Additionally, women account for 48% of entry-level employees in the workforce versus just 26% of C-suite roles. They also run only 4.8% of the world’s largest businesses.
In the financial sector, the share of women directors on boards only increased by 6% between 2018 and 2021, according to Deloitte and Statista.
Within the tech sector, which has seen mass layoffs throughout 2022, women make up less than half of employees. They also earn about 60% less than the average salary offered to men, a number largely unchanged since 2018.
Yet, Roy said, "what actually happens is that women are the last hired, first fired.

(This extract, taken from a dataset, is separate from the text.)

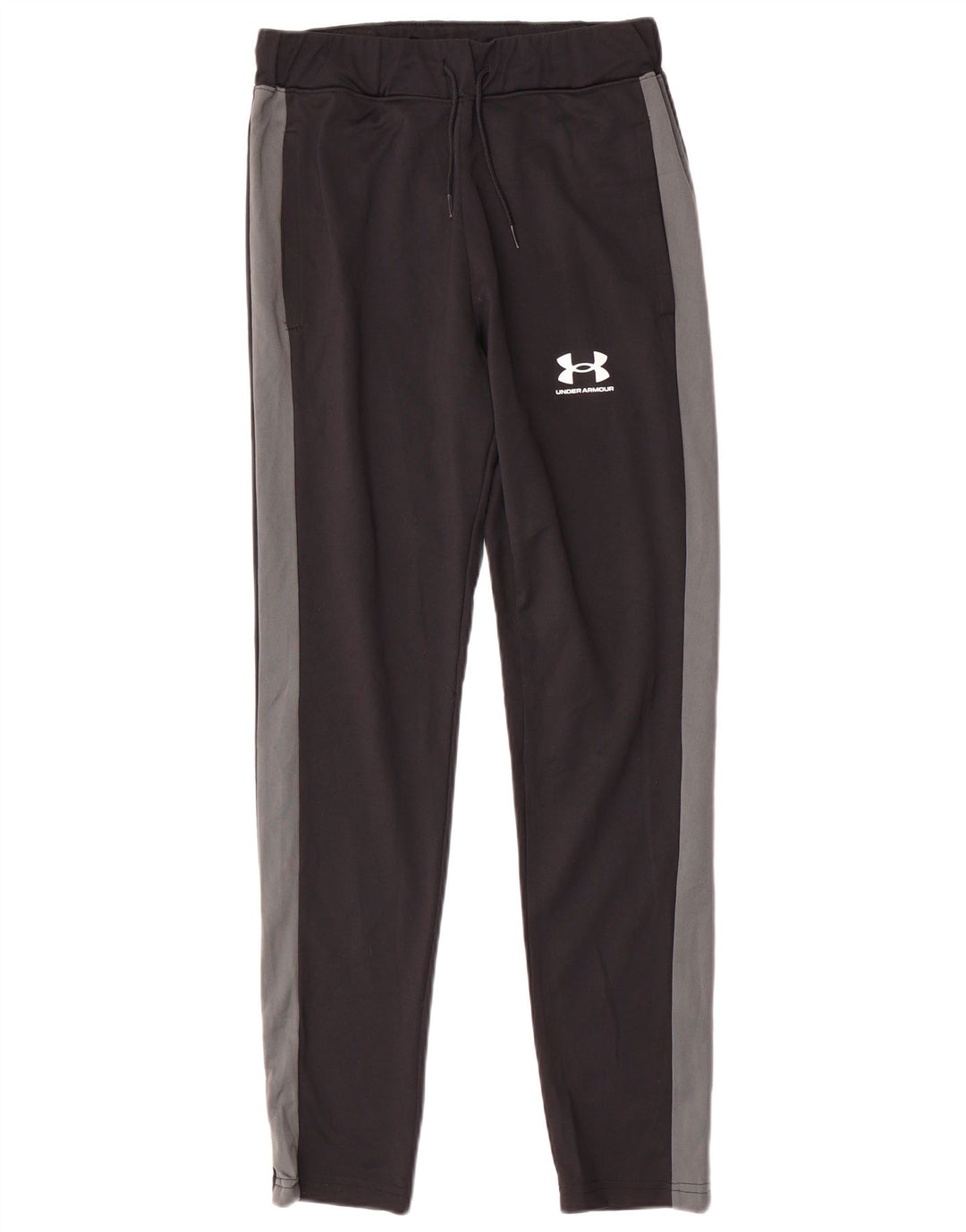 Pantaloni de trening pentru bărbați UNDER ARMOUR, negru, poliester color bloc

So while men make up the majority of the tech sector, if you look at the numbers of women — in particular, women of color, Black women, and Latinas — they are most likely to be affected in terms of the layoffs. And the impact is even bigger because they make up such a small percentage of the tech labor force."
The effects of pay transparency
Research from the World Economic Forum's Gender Gap Index shows that at the current rate, the gender pay gap in the U.S. won't close for another 208 years.
And while pay transparency isn't the sole solution to creating an equitable workforce, it's a step in the right direction, according to Roy.
"It provides guardrails in terms of being more transparent about what a job pays," Roy said.
Many U.S. cities and states have adopted wage transparency laws, requiring employers to disclose the pay or salary range of a job either in the job description or during the interview stage. This often helps employees and job candidates identify pay disparities, leading to less bias in the job market.
Still, pay transparency does not guarantee pay equity, as seen in many male-dominated occupations such as construction and maintenance services.
“It is too early to tell whether it has been successful but what we know about pay transparency is that it is a first step — it is not the solution," Roy said.